Sheridan's assault on American Indians was more than just a military guy taking his job too seriously.
During the winter of 1868, he attacked Cheyennes, Kiowas and Comanches in their winter quarters, taking the livestock, killing those who fought back, and driving the survivors back onto reservations.
Gen. Sheridan didn't like buffalo either:
Historians noted that when the Texas legislature considered outlawing bison poaching on tribal lands, Sheridan personally testified against it, suggesting lawmakers instead give each of the hunters a medal, engraved with a dead buffalo on one side and a discouraged-looking Indian on the other.
There are a lot of places named Sheridan in the US, and the ones I've checked all seemed to be named to honor this murderous racist.

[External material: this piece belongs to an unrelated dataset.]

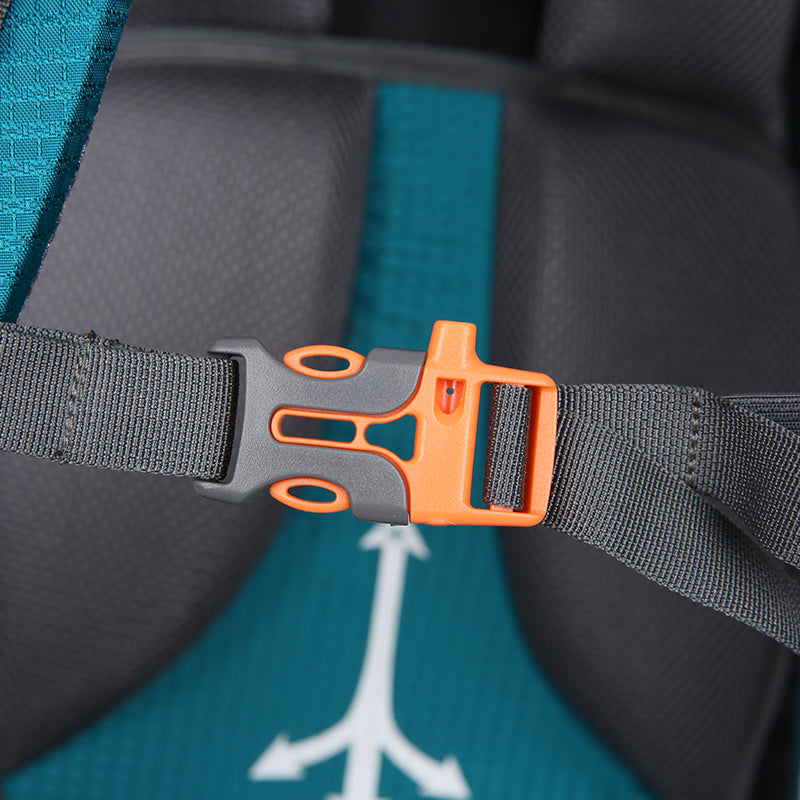 Outdoor Hiking Nylon Backpacks 80 L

While Sheridan Avenue in Oklahoma City is a relatively short and minor street, Sheridan Road in Tulsa is a major thoroughfare, a section-line road stretching from Mohawk Park and the Tulsa Zoo in the north, along the west boundary of Tulsa International Airport, and all the way to the Arkansas River near Bixby in the south. There are Sheridan Road exits on the Gilcrease Expressway, the Broken Arrow Expressway, and Skelly Drive. There must be many hundreds of businesses with a Sheridan Road address, including Sheridan Lanes, a bowling alley with a beautifully animated neon sign.
City Council, the ball is in your court.